Y las respuestas tampoco se hicieron esperar:

«Fueron puestos en capilla 50 detenidos para proporcionarle los cadáveres que se necesitan. Indíqueme si es suficiente. Dios, Patria y Libertad, (firmado): Comandante local San Lucas».

«Nueve cabecillas fueron ejecutados anoche para poner cadáveres disposición Superior Gobierno. Hágase saber si necesitan más. Dios, Patria y Libertad, (firmado): Alcalde de Todos los Santos».

«Capturé varios negábanse servir al Gobierno con su cadáveres. Ya están a la orden, (firmado): Comisionado Militar Milpas Altas».

Hubo que dar órdenes terminantes, llovían respuestas de ejecuciones y vísperas de fusilamientos, prohibiendo a las autoridades inferiores aumentar el material de propaganda, debiéndose aprovechar el ya existente.

«Soy anciana», decía un mensaje al Presidente, «y si por cadáveres lo hacen, doy el mío, con tal que no maten a mi hijo que es joven y padre de tres menorcitos».

Cesaron los fusilamientos, pero se empezaron a llevar a los muertos. Las poblaciones habían visto muchas cosas, pero no eso de sacar a los muertos del cementerio y llevárselos presos a la capital.

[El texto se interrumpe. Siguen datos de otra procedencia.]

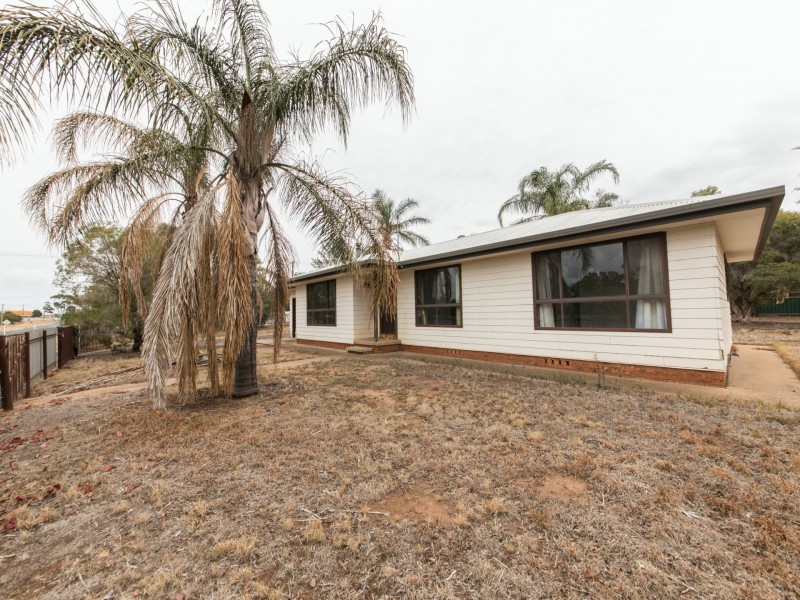 12 Burraway Street, Brocklehurst NSW 2830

Escoltas, policía, alguaciles, con armas y machetes, acompañaban la fúnebre procesión por todos los caminos del país. Vestían de caqui, sombrero tejano, y al brazo la insignia de la espada y la cruz.

Los muertos se acumulaban como basura alrededor de la ciudad.

El experto de la casa McFee especialmente contratado para dirigir la operación publicitaria, calificó de «sabotaje» el telegrama en que se ordenaba el traslado de los cadáveres a la capital y hubo que telegrafiar de nuevo dando instrucciones para que las autoridades menores se conformaran con exhumar los restos de las personas muertas en los últimos acontecimientos, y los dejaran a la intemperie hasta la llegada de fotógrafos y corresponsales de guerra.